PROBLEM STATEMENT: Starting at the line that contains "Elegante vestido midi sin tirantes con lazo", return every line through the end of the entries below, exactly and with nothing else.

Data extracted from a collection
● ● ● ●

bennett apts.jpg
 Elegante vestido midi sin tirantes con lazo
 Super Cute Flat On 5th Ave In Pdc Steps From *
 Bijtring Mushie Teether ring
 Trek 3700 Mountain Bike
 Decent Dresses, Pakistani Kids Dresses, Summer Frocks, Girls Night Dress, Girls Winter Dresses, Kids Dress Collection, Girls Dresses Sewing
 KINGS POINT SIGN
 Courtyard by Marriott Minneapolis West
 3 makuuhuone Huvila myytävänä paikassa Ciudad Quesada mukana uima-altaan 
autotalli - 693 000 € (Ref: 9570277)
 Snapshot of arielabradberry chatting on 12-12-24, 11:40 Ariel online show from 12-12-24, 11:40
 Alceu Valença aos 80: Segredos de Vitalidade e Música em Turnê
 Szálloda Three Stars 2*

● ● ● ●

PROBLEM SOLUTION:
 Elegante vestido midi sin tirantes con lazo
 Super Cute Flat On 5th Ave In Pdc Steps From *
 Bijtring Mushie Teether ring
 Trek 3700 Mountain Bike
 Decent Dresses, Pakistani Kids Dresses, Summer Frocks, Girls Night Dress, Girls Winter Dresses, Kids Dress Collection, Girls Dresses Sewing
 KINGS POINT SIGN
 Courtyard by Marriott Minneapolis West
 3 makuuhuone Huvila myytävänä paikassa Ciudad Quesada mukana uima-altaan 
autotalli - 693 000 € (Ref: 9570277)
 Snapshot of arielabradberry chatting on 12-12-24, 11:40 Ariel online show from 12-12-24, 11:40
 Alceu Valença aos 80: Segredos de Vitalidade e Música em Turnê
 Szálloda Three Stars 2*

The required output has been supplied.